The nature and the field of application of the invention will emerge more clearly from the following diagrams.

FIG. 1 represents a sectional view of a device resulting from the application of a film according to the invention to an optical guide 3 illuminated on its edge by a light source 10. This light source can be for example a fluorescent tube, a light-emitting diode, an arc lamp, an incandescent lamp, etc ... The light flowing in the guide by total reflection at its walls meets the high index PSA film 2 deposited against one of the faces delimiting the plane guide, substantially extended face and parallel to the guided light rays, totally reflective face vis-à-vis the guided light in the absence of superficial deposit and so-called reflective or propagative, and allowing optical contact with a transparent carrier film index high 1. The guided light is refracted and transmitted through the PSA layer 2, and enters the film 1 support of the light emitter or decoupler pattern 11. In this case the film 1 is transparent and the decoupler pattern 11 comprises a surface substantially perpendicular to the rays flowing in the guide, and reached by them, surface which allows their decoupling to the medium 5 'surrounding the guide, for example air and which allows to illuminate a surface 5 so as to make it more visible for an observer O located in this case on the other side of the guide. Note that the device described in Figure 1 is part of so-called front lighting devices that allow to illuminate any object on its front so as to avoid loss of lights due to a backlight. The decoupler 2. S 11 may be for example a transverse strip of material substantially perpendicular to the direction of propagation of the light in the guide, or a pad of transparent material, of high refractive index, preferably higher than the refractive index of the guide 3.

FIG. 2 represents a sectional view of a device having the same function as the device described in FIG. 1, but different in that the decoupler units 12 consist of inclined prisms made of transparent material whose refractive index is greater than the material of the guide 3 These prisms may be contiguous at their base, or spaced apart by non-decoupling flat portions vis-à-vis the guided light.

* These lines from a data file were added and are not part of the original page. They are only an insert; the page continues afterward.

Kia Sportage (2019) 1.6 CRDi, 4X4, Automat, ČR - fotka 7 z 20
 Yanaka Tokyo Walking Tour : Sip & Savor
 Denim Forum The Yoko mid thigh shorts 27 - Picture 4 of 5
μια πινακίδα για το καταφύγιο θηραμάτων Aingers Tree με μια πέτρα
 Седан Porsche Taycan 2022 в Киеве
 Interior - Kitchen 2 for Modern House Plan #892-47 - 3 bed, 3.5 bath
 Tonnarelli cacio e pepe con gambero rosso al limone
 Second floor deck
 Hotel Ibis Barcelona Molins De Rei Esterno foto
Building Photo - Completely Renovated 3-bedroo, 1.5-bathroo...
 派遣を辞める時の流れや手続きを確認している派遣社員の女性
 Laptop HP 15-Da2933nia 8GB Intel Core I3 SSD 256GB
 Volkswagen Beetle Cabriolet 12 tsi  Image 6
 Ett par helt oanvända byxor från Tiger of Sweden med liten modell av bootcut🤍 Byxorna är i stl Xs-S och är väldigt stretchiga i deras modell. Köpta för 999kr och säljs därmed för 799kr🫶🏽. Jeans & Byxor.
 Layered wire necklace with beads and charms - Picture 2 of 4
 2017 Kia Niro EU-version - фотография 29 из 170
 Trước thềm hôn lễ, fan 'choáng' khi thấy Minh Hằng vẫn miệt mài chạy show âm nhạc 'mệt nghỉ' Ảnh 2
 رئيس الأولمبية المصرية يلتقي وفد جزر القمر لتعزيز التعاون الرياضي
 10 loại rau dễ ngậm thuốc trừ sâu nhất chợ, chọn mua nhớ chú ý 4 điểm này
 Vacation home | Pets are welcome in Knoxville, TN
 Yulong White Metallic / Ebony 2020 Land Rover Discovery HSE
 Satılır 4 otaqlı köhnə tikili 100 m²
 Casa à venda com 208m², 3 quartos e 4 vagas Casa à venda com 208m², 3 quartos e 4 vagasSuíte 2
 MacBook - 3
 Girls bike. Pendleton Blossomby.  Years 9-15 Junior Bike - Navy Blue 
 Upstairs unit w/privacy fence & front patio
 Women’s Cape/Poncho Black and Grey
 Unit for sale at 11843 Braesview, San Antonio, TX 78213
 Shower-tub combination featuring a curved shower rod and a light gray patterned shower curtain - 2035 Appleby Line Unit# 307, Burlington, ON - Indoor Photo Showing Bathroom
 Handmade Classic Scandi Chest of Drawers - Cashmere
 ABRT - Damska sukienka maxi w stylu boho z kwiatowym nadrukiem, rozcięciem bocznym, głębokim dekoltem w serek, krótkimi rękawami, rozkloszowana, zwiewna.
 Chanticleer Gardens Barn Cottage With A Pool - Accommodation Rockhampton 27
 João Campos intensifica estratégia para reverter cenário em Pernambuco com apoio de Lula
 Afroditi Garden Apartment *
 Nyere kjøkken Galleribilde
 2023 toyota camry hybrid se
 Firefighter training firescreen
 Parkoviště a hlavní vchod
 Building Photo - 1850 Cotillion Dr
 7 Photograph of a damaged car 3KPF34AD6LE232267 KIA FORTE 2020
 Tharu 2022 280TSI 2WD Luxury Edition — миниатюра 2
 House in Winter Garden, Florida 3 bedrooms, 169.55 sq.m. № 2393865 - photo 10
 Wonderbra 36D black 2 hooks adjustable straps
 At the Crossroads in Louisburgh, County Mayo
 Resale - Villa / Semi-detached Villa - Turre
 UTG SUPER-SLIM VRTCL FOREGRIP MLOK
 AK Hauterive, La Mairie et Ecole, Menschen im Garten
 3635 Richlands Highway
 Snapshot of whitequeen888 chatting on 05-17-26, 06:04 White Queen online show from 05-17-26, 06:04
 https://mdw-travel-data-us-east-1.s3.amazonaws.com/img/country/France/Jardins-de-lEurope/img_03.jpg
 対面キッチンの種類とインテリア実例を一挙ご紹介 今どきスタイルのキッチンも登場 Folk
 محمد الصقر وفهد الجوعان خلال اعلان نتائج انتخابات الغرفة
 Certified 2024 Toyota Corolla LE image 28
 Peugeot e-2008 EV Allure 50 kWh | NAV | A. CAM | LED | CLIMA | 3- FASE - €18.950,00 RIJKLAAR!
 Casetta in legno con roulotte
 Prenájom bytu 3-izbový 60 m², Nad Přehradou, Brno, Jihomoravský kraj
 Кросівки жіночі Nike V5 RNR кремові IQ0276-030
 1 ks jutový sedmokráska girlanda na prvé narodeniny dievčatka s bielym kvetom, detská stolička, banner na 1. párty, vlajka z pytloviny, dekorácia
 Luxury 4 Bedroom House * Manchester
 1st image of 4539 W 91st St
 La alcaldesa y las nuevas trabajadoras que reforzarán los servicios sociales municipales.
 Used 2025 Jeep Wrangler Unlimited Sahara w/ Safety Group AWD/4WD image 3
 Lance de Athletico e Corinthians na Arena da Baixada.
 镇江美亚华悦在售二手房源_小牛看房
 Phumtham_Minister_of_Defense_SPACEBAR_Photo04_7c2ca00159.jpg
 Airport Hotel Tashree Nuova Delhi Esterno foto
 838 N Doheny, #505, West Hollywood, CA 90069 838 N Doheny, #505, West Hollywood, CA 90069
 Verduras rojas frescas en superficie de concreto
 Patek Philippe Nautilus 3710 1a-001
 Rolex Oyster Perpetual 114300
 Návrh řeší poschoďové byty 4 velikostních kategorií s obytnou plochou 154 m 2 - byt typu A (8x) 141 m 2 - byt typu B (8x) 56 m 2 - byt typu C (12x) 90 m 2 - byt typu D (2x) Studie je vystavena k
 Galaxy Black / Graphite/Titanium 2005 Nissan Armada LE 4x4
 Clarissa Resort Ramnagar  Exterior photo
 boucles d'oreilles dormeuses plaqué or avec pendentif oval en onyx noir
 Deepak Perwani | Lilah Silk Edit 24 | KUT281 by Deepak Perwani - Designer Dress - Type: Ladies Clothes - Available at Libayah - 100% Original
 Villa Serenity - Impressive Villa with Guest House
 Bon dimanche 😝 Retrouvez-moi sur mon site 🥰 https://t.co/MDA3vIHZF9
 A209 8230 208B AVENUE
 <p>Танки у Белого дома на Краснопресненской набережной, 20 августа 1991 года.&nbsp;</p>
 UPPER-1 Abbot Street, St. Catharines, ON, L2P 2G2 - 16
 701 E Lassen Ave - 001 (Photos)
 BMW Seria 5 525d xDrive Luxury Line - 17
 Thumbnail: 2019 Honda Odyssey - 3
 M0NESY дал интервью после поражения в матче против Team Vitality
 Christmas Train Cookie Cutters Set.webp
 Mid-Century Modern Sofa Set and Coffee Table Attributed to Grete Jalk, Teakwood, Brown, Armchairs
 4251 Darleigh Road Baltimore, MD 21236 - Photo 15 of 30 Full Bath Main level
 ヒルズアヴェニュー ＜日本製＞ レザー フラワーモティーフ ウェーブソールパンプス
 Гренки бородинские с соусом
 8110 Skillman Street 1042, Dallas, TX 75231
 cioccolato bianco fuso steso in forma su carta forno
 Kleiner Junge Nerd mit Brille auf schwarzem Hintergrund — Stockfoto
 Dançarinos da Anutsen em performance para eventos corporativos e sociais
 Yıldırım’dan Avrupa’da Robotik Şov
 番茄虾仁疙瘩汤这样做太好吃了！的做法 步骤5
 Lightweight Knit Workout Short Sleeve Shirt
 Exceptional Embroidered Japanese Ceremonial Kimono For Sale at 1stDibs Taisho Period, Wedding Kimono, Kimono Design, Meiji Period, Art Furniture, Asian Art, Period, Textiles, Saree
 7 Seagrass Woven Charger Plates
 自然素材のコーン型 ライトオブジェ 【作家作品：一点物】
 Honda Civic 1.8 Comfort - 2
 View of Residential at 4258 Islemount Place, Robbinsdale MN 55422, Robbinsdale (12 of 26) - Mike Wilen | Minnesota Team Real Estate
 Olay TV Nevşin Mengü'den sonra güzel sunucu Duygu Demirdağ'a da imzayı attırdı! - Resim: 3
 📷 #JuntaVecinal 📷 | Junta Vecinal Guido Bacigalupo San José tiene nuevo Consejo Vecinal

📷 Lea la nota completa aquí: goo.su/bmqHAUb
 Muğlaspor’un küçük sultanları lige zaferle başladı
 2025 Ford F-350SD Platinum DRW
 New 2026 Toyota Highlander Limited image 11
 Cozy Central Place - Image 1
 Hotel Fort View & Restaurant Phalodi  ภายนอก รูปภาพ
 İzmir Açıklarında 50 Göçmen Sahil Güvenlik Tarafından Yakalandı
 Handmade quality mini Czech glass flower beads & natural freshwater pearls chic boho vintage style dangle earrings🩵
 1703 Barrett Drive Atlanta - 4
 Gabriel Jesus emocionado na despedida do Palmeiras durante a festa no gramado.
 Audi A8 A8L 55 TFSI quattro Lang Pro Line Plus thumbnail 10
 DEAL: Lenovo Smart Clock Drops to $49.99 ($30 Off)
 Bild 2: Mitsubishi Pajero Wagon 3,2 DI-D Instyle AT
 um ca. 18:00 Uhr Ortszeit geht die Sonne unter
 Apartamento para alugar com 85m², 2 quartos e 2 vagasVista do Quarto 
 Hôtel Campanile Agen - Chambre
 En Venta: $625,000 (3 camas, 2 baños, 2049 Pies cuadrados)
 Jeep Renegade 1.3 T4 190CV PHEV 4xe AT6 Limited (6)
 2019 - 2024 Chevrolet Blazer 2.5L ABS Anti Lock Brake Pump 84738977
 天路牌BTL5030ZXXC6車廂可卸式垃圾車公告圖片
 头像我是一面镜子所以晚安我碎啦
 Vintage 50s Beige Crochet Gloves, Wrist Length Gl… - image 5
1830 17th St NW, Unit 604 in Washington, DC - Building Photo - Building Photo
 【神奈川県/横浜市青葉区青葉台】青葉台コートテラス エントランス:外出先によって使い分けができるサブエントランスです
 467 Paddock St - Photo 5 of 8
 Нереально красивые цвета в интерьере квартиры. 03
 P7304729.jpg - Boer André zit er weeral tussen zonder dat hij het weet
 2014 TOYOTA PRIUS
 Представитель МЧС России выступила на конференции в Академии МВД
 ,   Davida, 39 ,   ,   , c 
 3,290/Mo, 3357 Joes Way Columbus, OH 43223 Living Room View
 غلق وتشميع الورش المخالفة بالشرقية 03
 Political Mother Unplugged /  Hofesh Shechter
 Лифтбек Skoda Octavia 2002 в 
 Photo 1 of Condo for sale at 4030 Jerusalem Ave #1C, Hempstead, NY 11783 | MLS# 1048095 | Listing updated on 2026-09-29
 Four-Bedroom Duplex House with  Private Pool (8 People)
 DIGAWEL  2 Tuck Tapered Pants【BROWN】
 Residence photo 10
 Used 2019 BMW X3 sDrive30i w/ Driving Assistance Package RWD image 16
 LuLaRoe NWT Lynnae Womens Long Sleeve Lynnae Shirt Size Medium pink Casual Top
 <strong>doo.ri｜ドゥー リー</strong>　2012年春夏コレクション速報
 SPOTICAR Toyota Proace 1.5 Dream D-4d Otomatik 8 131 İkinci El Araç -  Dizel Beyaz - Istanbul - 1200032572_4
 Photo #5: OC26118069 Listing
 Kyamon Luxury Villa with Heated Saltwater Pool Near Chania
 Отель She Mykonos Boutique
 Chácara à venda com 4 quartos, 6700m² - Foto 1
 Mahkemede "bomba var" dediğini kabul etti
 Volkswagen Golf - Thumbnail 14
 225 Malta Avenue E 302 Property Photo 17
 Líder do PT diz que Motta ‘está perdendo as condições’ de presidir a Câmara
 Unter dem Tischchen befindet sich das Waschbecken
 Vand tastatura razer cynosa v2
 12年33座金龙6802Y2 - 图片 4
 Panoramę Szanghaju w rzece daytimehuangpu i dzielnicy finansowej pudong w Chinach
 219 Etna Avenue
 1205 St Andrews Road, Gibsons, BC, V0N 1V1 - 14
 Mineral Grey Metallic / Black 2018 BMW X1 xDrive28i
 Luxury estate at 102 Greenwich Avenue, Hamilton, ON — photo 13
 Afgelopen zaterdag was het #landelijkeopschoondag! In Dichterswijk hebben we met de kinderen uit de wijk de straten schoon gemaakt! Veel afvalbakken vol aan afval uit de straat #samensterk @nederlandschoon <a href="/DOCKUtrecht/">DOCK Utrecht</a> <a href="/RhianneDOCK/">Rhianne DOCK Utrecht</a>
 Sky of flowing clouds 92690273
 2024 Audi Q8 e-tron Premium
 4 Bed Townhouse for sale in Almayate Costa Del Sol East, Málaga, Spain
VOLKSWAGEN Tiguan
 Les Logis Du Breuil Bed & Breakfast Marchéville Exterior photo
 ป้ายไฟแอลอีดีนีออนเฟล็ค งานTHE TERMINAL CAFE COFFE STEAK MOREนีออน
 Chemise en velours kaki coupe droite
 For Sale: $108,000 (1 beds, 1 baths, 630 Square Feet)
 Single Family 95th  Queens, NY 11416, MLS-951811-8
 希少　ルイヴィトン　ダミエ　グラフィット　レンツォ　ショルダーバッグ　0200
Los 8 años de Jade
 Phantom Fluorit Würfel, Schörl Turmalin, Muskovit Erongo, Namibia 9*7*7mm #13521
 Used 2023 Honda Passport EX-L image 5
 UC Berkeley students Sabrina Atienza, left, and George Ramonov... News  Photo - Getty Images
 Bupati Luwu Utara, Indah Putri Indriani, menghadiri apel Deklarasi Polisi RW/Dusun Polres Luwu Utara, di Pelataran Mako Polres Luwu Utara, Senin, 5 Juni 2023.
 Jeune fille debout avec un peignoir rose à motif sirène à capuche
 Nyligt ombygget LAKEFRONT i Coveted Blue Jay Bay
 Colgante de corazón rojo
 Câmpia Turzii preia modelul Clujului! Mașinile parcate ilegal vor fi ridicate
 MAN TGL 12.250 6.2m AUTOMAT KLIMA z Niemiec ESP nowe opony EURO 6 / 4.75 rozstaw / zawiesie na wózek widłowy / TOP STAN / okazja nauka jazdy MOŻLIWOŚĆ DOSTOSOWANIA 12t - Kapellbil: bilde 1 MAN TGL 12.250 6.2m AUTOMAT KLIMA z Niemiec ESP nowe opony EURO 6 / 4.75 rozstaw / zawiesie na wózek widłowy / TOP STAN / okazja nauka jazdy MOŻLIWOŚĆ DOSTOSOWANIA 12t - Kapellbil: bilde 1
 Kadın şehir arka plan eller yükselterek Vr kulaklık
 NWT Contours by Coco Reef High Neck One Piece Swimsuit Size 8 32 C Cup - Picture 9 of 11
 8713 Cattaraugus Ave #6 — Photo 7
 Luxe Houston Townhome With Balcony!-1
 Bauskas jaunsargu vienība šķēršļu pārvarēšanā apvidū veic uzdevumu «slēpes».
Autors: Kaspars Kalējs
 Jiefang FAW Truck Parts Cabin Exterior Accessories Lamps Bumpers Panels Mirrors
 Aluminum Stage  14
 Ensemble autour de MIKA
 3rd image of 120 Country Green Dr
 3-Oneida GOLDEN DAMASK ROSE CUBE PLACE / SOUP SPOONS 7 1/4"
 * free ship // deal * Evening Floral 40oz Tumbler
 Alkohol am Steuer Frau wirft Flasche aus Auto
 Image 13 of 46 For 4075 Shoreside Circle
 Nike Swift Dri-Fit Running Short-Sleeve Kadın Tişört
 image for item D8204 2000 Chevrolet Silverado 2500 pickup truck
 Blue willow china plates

FIG. 3 represents a device resulting from the application of a film according to the invention to an illuminated optical guide 3 on its wafer, characterized in that the decoupler pattern 13 is this time made up of reflecting mirrors allowing the reflection of light. guided towards the opposite face of the light guide 3 to that carrying the pattern 13, to an object 5 and an observer O or to an observer O ', etc. .... The reflection may be metallic or total. In this way it is possible to colimate the beam circulating in the guide in the form of a plane wave normal to 40 and large in size. It is possible to impose on the mirror 13 a shape making it possible to obtain a large beam having defined characteristics of emission in spatial directions and in intensity so as to increase its visibility in a given direction (emission in a restricted solid angle) or to improve the energy performance of a lighting module (applications in the flat screen, road signs, etc ...). FIG. 4 represents a device resulting from the application of a film according to the invention to an illuminated optical guide 3 on its wafer, characterized in that the decoupler unit 14 consists of a thickness of diffusing material allowing the extraction of the light flow guided by the guide 3 to an object 5 and an observer O. It is thus possible to obtain homogeneous and economic planar sources for transforming the point light of a light-emitting diode into a flat source with good performance.The applications are located in the sign, signage, lighting (inexpensive light wall and original lights), etc ....

FIG. 5 represents a device resulting from the application of a film according to the invention to an illuminated optical guide 3 on its wafer, characterized in that the decoupler pattern 15 consists of a thickness of a diffusing element enabling an illumination on both sides of the device.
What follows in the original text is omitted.